Les directeurs de police craignent que Québec ne favorise la vente d'alcool de contrebande par son projet de loi modernisant la vente d'alcool, alors qu'on permettrait aux établissements licenciés de préparer des carafons de vin et des mélanges de boissons alcooliques avant qu'ils soient commandés, avec l'obligation de les vendre le jour même.

Dans son mémoire qui sera déposé aujourd'hui à la dernière journée d'auditions de la commission parlementaire étudiant le projet de loi 170, l'Association des directeurs de police du Québec prévient que « des produits non identifiables pourraient être substitués frauduleusement par certains titulaires de permis [d'alcool] pour d'autres produits moins dispendieux, peut-être même de qualité non contrôlée ».

« Certains tenanciers de bar pourraient, par exemple, faire du transvidage et favoriser ainsi la contrebande d'alcool, puisqu'on ne sera pas en mesure de vérifier ce qu'ils versent réellement dans les carafons », plaide Helen Dion, présidente de l'Association, en entrevue avec La Presse.
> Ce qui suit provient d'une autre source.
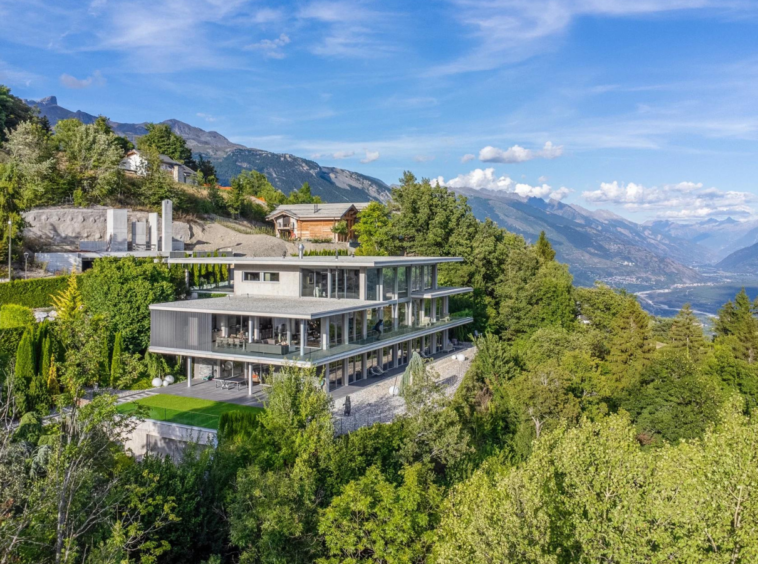 Villa contemporaine à vendre, Crans Montana, Switzerland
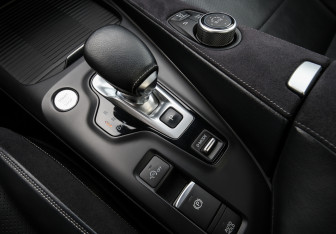 Подержанный автомобиль Infiniti QX50 2018 года (24 фото)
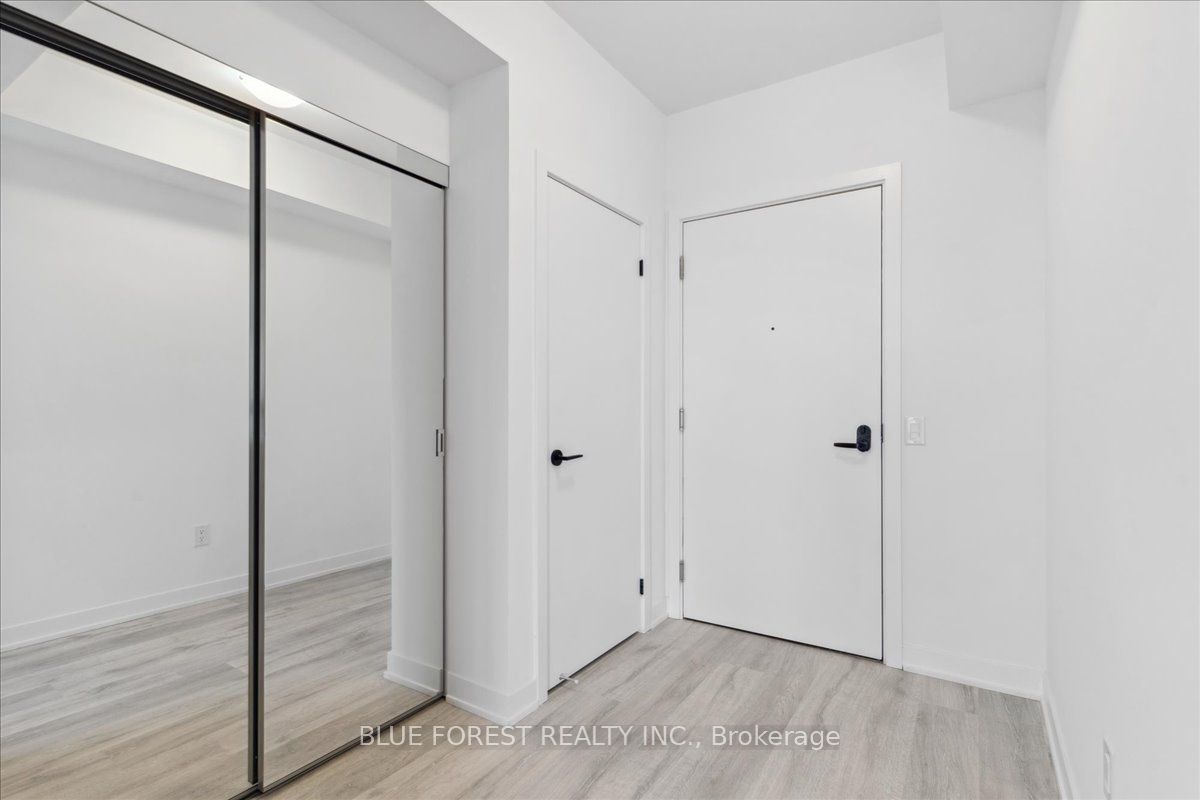 220 MISSINNIHE Way, #1301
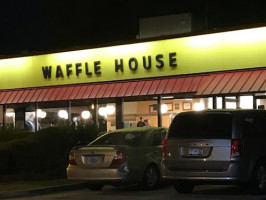Waffle House In Spr outside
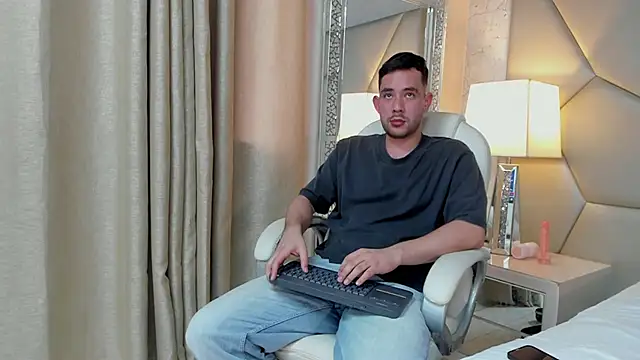 Snapshot of matti_de_lucaa chatting on 10-03-25, 06:09 matti de lucaa online show from 10-03-25, 06:09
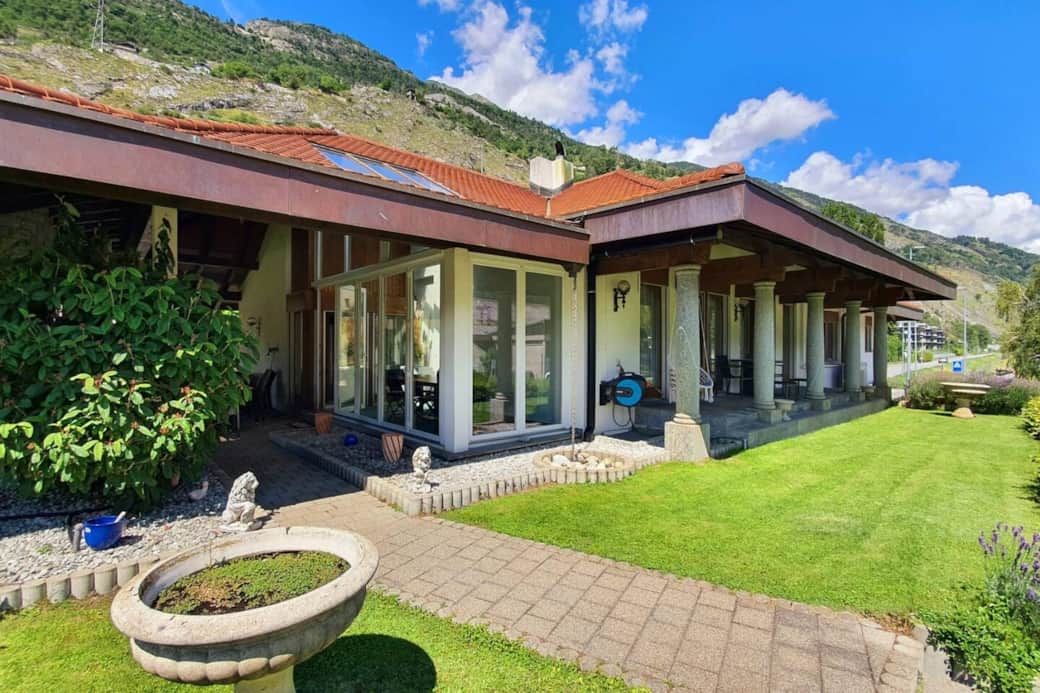 Veranda mit Hängesessel und Bistrotisch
Selon les directeurs de police, une telle mesure serait « un important recul dans la lutte contre l'alcool de contrebande », ouvrant aussi la porte à d'autres enjeux d'hygiène et de sécurité des consommateurs, notamment en ce qui concerne la présence de GHB et d'autres drogues.

UNE VOIE D'ACCÈS AU CRIME ORGANISÉ ?

Mme Dion présente également certaines inquiétudes quant à la volonté du gouvernement de permettre aux personnes qui ont un permis de travail, mais qui n'ont pas la citoyenneté canadienne d'obtenir un permis d'alcool.

« Toute demande de permis par une personne doit faire l'objet d'une vérification et d'une validation. Elle ne doit notamment pas avoir d'antécédents judiciaires [au cours des cinq dernières années]. On aura de la difficulté à faire cette vérification pour une personne qui vient ici avec un permis de travail. Il faudra prendre contact avec le pays d'origine pour voir si elle est liée ou non au crime organisé », explique Helen Dion.

Dans son mémoire, l'Association des directeurs de police joint également sa voix à celle d'autres intervenants qui ont présenté des mémoires en commission parlementaire et qui souhaitent que les serveurs suivent une formation obligatoire sur le service responsable de boissons alcoolisées.

« Il serait [également] intéressant que des procédures pénales [et] judiciaires puissent être enclenchées à l'égard d'un établissement d'où provient un client si ce dernier cause un accident de la route ayant comme résultat des dommages corporels suite à un état de capacités affaiblies », ajoute-t-on.

Les auditions publiques du projet de loi 170, présenté par le ministre de la Sécurité publique, Martin Coiteux, se termineront aujourd'hui. Le gouvernement a par le passé affirmé qu'il souhaitait adopter cette loi avant la fin de la présente législature.